The South African Fruit and Vegetable Canners Association was founded in January 1954. The association is comprised of 20 members to represent the deciduous fruit, pineapple, vegetable and tomato sectors. The main canning fruit produced in South Africa are peaches, apricots, pears, guavas and pineapples.
The South African pineapple industry is small in global terms, with one farmer in the Eastern Cape currently accounting for almost 70% of South Africa’s total production. Pineapples are also produced in KwaZulu-Natal. The industry suffered a severe blow in 2007 after traces of cadmium were found in a shipment of pineapples to Europe, resulting in all farmers sitting without a market for their produce. The contamination was linked to a handful of farmers, who unknowingly used a fertiliser containing this heavy metal.

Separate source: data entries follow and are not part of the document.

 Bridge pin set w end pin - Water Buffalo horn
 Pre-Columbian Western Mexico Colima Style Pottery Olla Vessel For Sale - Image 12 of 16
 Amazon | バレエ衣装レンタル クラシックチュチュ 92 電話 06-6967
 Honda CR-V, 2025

South Africa is the largest exporter of canned apricots, accounting for about a third of the world’s exports. Most of these apricots are produced in the Klein Karoo of the Western Cape. Producers, however, had to dump about 5 000 tons of Bulida apricots and uproot many trees when the industry ran into an oversupply during the 2013/2014 production season.

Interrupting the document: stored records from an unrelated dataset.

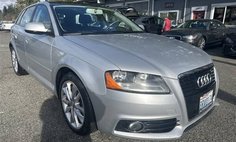 2012 Audi A3 2.0 TDI Premium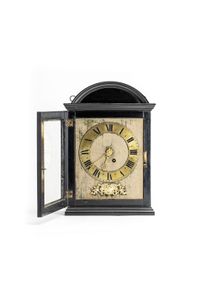 French religieuze clock - image 6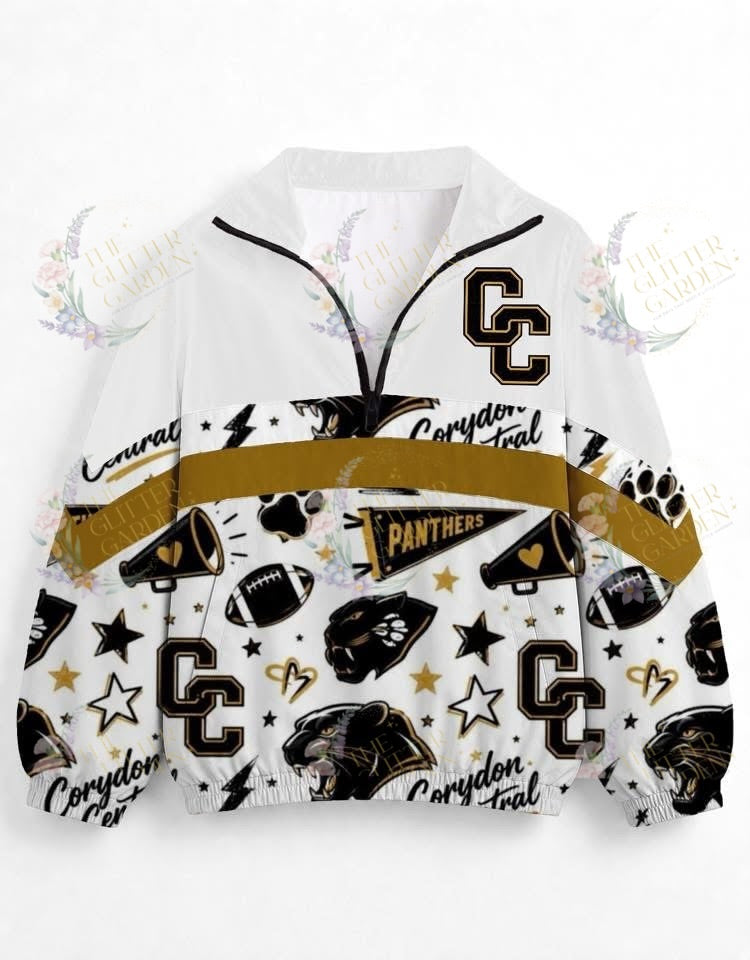 Pre-order - Youth game day pullover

Most of South Africa’s canning pears and peaches are also produced in the Western Cape, while guavas are produced in the Western Cape, Mpumalanga and Limpopo.
The canning industry is extremely competitive and capital intensive, resulting in only a handful of international processors dominating the market. South African producers usually have a medium to long term delivery contract with one of three processors who operate in the country. These processors export more than 80% of the country's canned fruit across the world, from Europe to the Far East.

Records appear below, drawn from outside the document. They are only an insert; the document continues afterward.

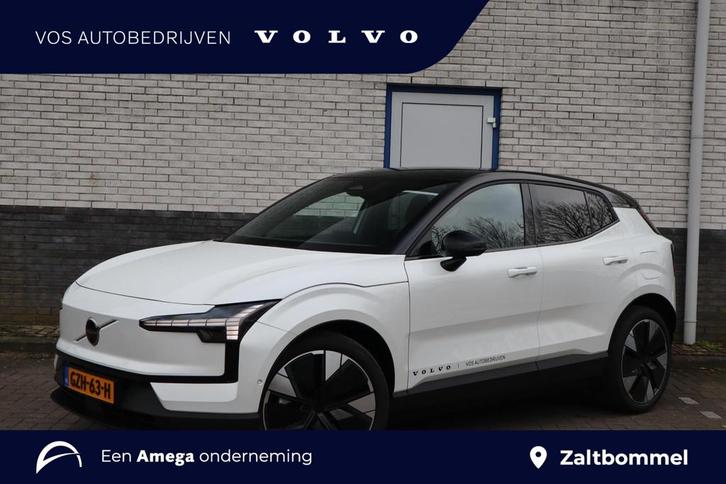 Volvo EX30 Twin Motor Performance Ultra 69 kWh | Stoel + stu, Auto's, Volvo, Bedrijf, Te koop, EX30, 360° camera, 4x4, ABS, Achteruitrijcamera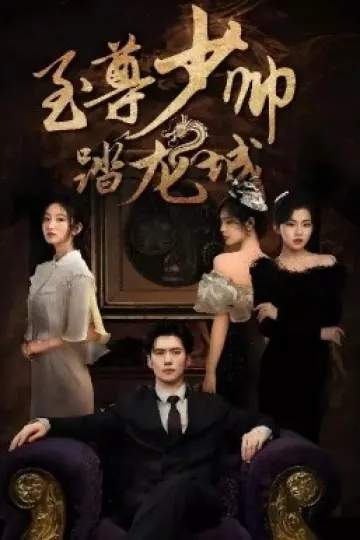 至尊少帅踏龙城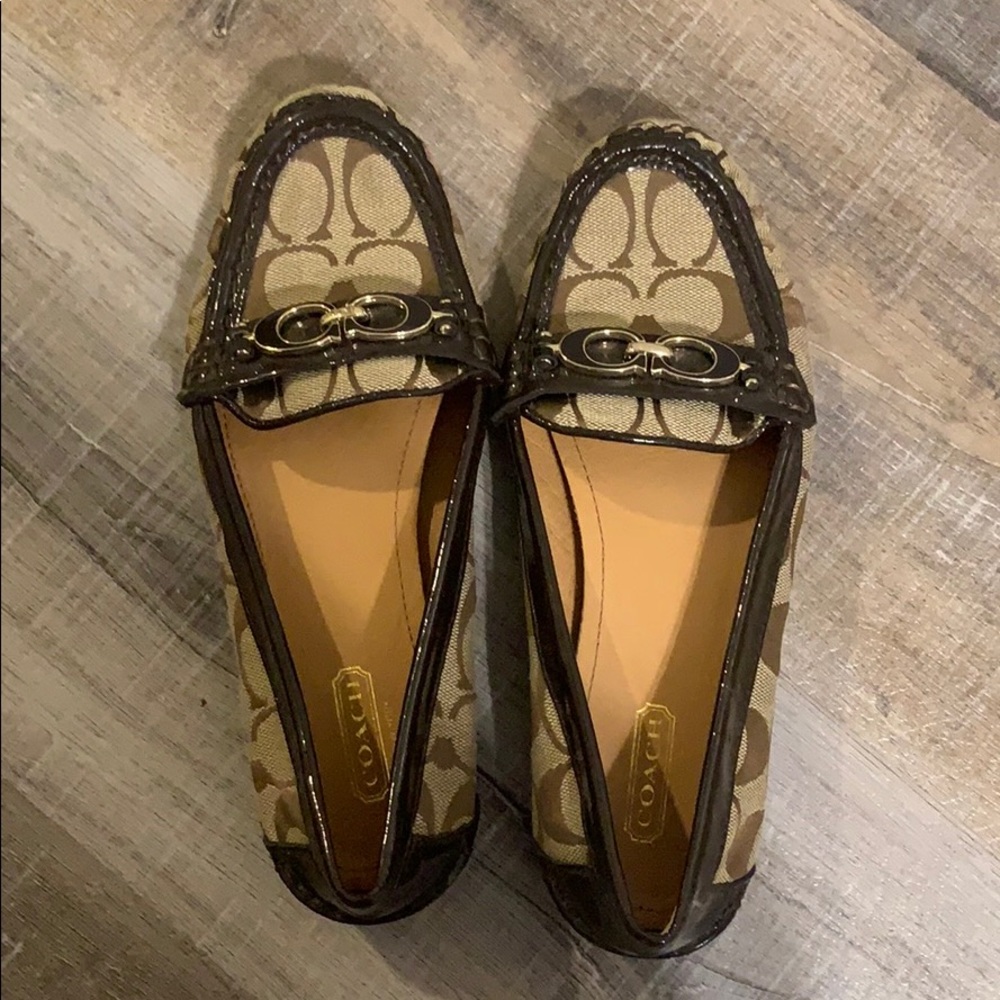Women’s Coach Loafers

Canned fruit may be enjoyed as a snack, used for cooking, baking or desserts. Canned fruit and vegetables are high in dietary fibre and research by the University of Illinois’ Department of Food Science and Human Nutrition in the USA has found that it is just as fresh as their fresh counterparts.
The study was expanded and updated in 1997. The new study, The Nutrient Conservation in Canned, Frozen and Fresh Foods, analysed the nutritional status of 35 canned fruit and vegetables, as well as fish.
Fruits included in the study were apples, apricots, blackberries, blueberries, grapefruit, mandarin oranges, peaches, pears, pineapple, plums, strawberries, cherries, stewed and whole tomatoes as well as olives. The vegetables included asparagus, beets, carrots, corn, green beans, mushrooms, peas, pumpkin, spinach, sweet potatoes, and white potatoes.
Other studies have, however, concluded that the heating process destroys certain nutrients, such as vitamin C and folic acid, as well as antioxidants.